When a 60-year-old fir tree came crashing down on top of the Harker homestead, Sara Harker thought for sure it was an earthquake.
“I thought it was an earthquake because the whole house shook. I woke Troy up saying, ‘I think there was just an earthquake’ and then we came out and I was like ‘what is this mess on the floor?’” she said with a laugh. “Nothing came in through the window, but there was this mess and I looked up and was like, ‘oh, there are branches coming in through the ceiling.”
The giant fir came smashing down on the 104-year-old home around 2:15 a.m. Monday morning during a treacherous windstorm that blew through the valley and parts of the Okanagan.
Unofficial weather station reports from residents in the Cawston area show wind gusts were in excess of 83 kilometres an hour at times during the storm.
The ever resilient family of five took inventory of the damage and storm, then all hopped into the parents room to get some more shuteye before dealing with the necessities of the next day.
An insurance adjustor was expected Tuesday and plans will soon be underway to fix the home.
Harker said a lot of cherries and apples came down during the storm and crop insurance was also creating a claim.
Several other farms in the area also experienced losses of crops because of the storm.
Jordy Bosscha, fire chief for the Keremeos Volunteer Fire Department, said he and the crew had a busy night with storm related calls.
A call came in around 2:15 a.m. when a tree fell down on a power line attached to a home and pulled the meter base out of the wall, starting a small fire on Middlebench Road.
“The homeowner actually got that put out before we arrived but we hung out for awhile to make sure everything was OK. We though Fortis would come but we figured it would be a longtime before they could make it.
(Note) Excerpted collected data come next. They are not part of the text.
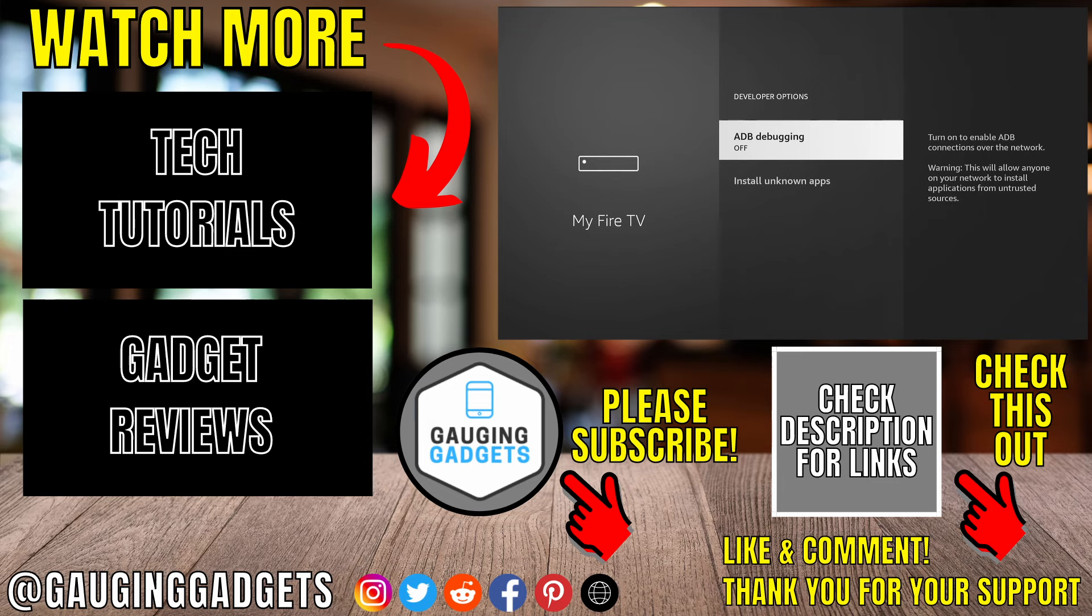And please consider subscribing to my channel, Gauging Gadgets, for more gadget reviews and tech tutorials. Thank you so much for watching.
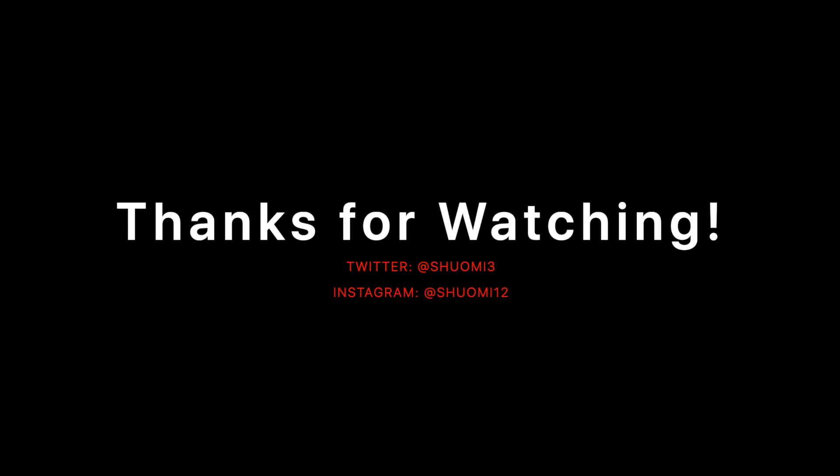Alright, those are the tools I think can be an alternative for Roam. Hope you found a tool you want to try. Thanks for watching. Bye!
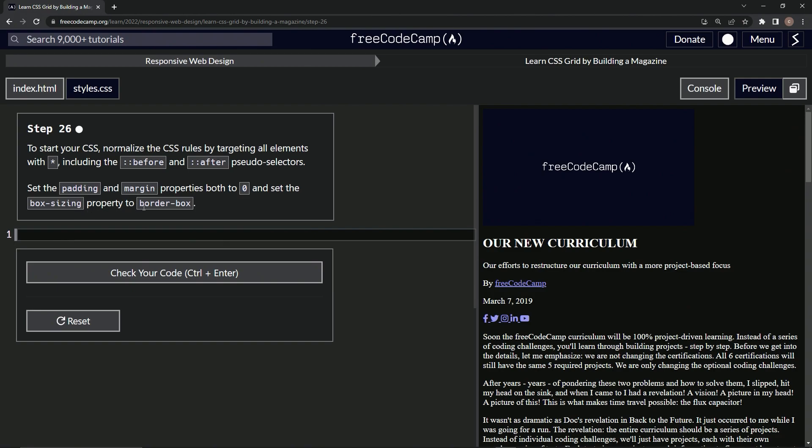Let's first set the selector targets. We're gonna target everything with the star, and also we'll do ::before and we'll do ::after for the pseudo-selectors.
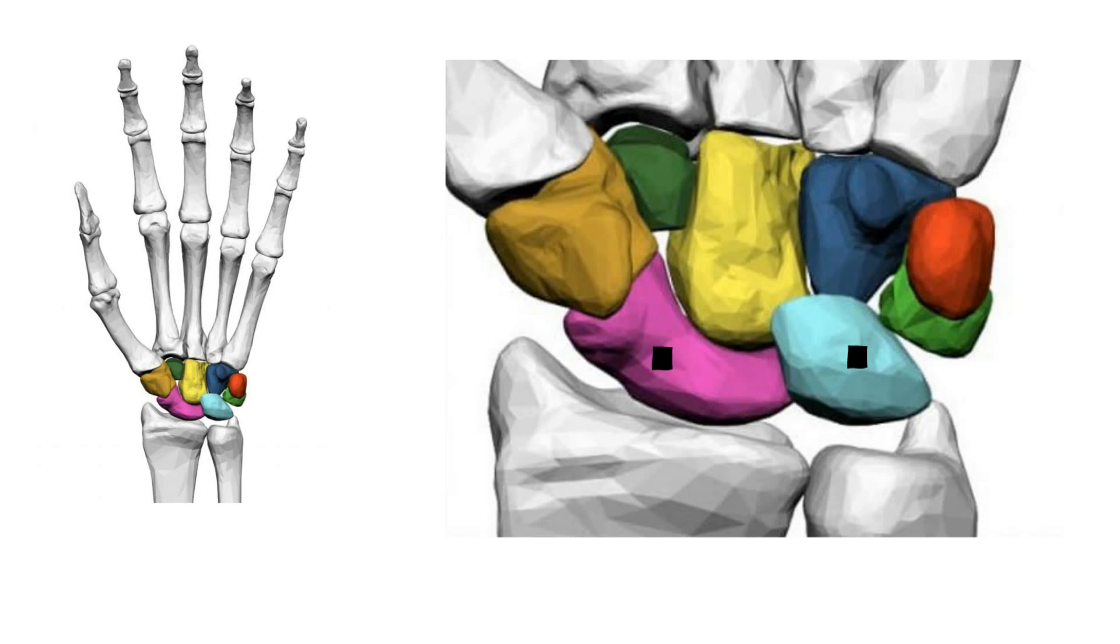As a proximal carpal bone, the lunate is also involved in movement of the wrist. The lunate bone is the most frequently dislocated carpal bone.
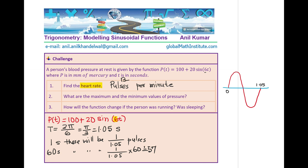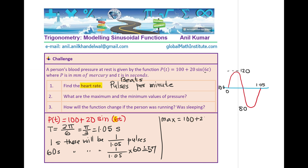Now let's look at the second part: what are the maximum and minimum values of pressure? The average value is 100. Since the amplitude is 20, the maximum value is 100 + 20 = 120 millimeters of mercury, and the minimum value is 100 − 20 = 80 millimeters of mercury. So the pressure is between 80 and 120 mmHg.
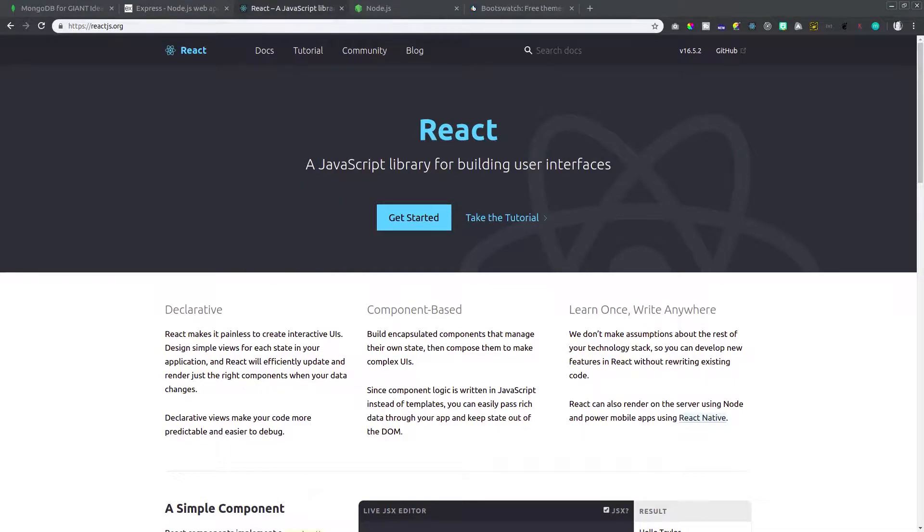Yo, what's up everybody? It's your boy Kenyatta and I'm back with another video. In this video, we're going to be building a simple app.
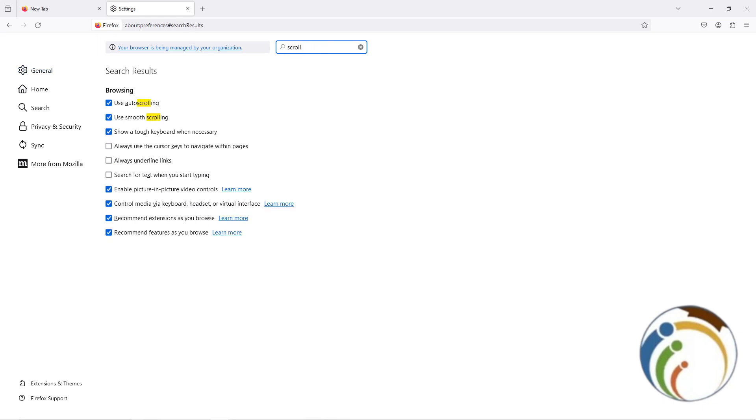Right here you'll see 'Use smooth scrolling.' Enable or disable it by clicking on the toggle.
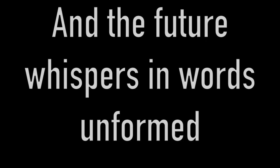Ghosts of the past come to visit. They wander unmourned. So the old world persists and the future whispers in words unformed.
We checked everything out with a cold/heat gun before we left,” he said.
About 2:30 a.m., while still on the first call, a dispatch came in that a tree had fallen on a home on 2nd Avenue in Keremeos.
“We sent people to make sure the power was good there, no gas or anything was broken. There was no fire there.”
Just about the time some of the firefighters were about to crawl back into bed another call came in at 4:30 a.m. that a large tree had fallen and knocked over power pole lines on Newton Road in Cawston.
“Basically most guys just got back into bed. It was kind of a non-issue but we put some cones up to warn people so they didn’t drive into stuff in the dark,” he said.
At 9 a.m. the fire department was called out again. This time to attend the Similkameen Recreation Centre to check on a gas smell.
“Some people were working out at the gym in the rec centre and they smelled gas and were starting to feel bad,” he said. What we found when we got on the rooftop was a heating cover had come off and severed a gas main and gas was filling up the building,” he said. “You’ve got gas on one side of the unit and electrical power on the other side. We’re fortunate we got that turned off before anything bad happened.”
Bosscha was relieved that the incidents were pretty minor.
“It’s all pretty minor when you consider there were no injuries that we know of. Everything else can be fixed in time,” he said.